SOURCE MATERIAL Block Start

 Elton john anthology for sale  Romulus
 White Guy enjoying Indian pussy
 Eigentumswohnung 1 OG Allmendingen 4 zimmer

SOURCE MATERIAL Block End

→ TASK GOAL: Only the lines from the one with "White Guy enjoying Indian pussy" through the end of the listing should be output, exactly as they appear.

→ SOLUTION FOR THIS TASK:
 White Guy enjoying Indian pussy
 Eigentumswohnung 1 OG Allmendingen 4 zimmer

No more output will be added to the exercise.